### Work to be completed:
Given the records below, the lines starting at the line with "Charmant vakantiehuis in" and ending at the line with "Ein Badezimmer in" should be output exactly, both end lines kept and pictures left out.

### Information provided:
......

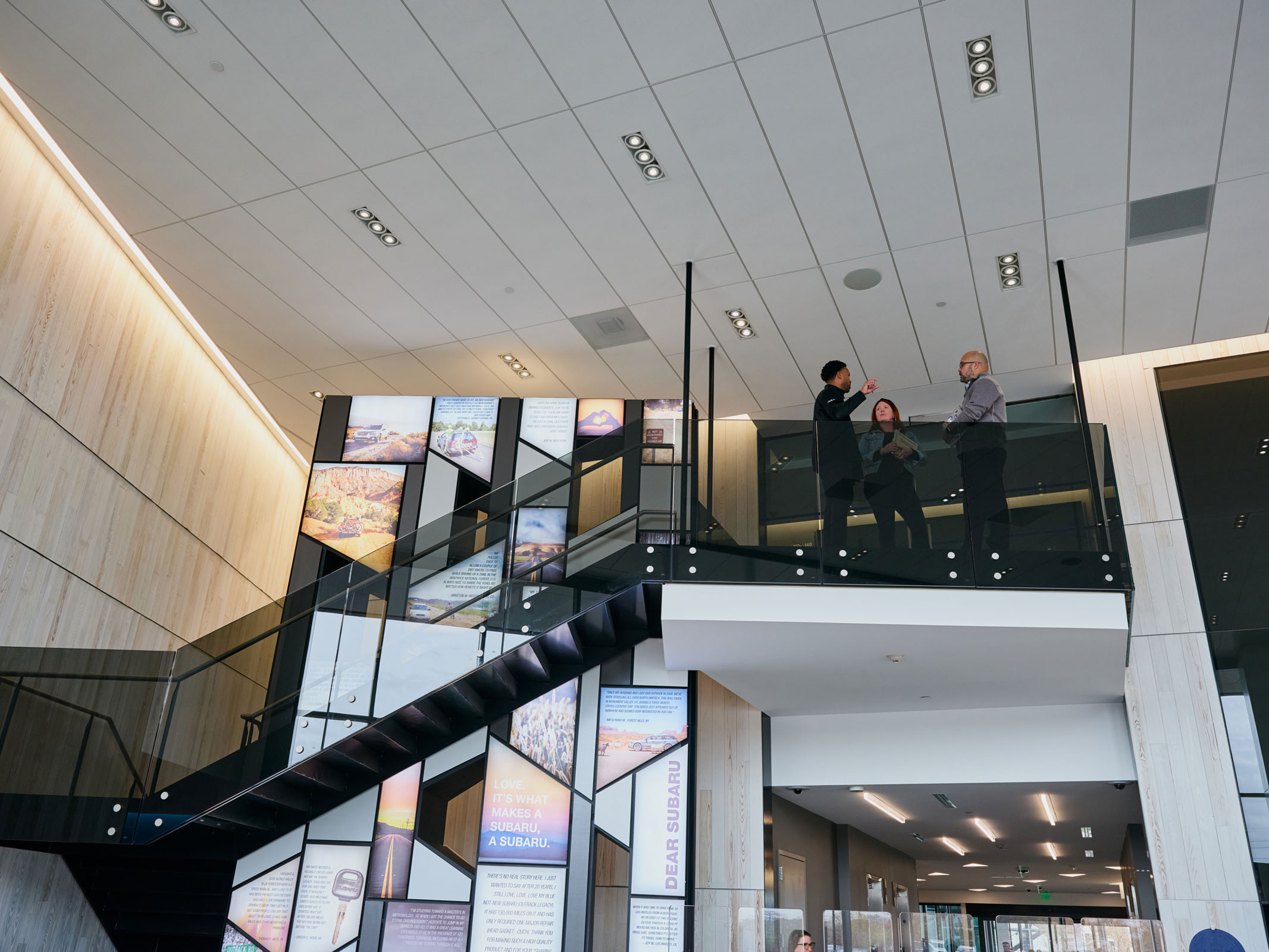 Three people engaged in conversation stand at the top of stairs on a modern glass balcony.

......

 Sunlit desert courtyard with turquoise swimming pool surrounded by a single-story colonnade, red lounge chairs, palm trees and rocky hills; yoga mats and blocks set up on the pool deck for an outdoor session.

......

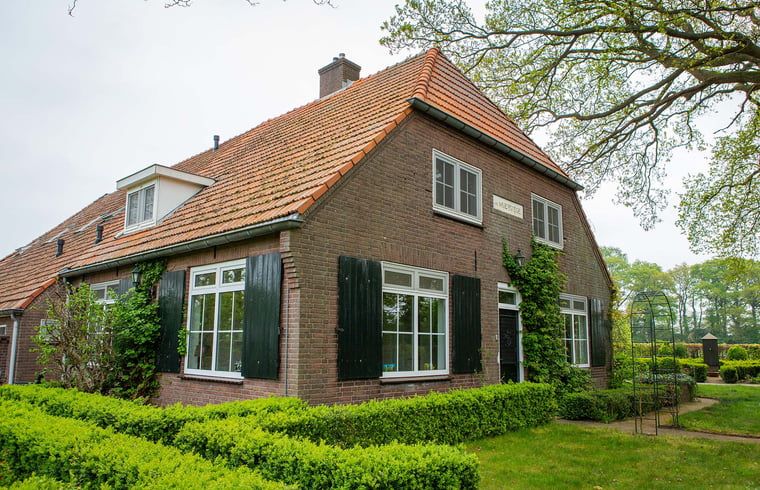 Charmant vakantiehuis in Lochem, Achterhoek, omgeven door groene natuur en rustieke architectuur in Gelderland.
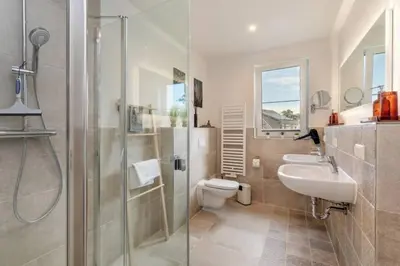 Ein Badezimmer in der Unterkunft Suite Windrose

......

### Result:
 Charmant vakantiehuis in Lochem, Achterhoek, omgeven door groene natuur en rustieke architectuur in Gelderland.
 Ein Badezimmer in der Unterkunft Suite Windrose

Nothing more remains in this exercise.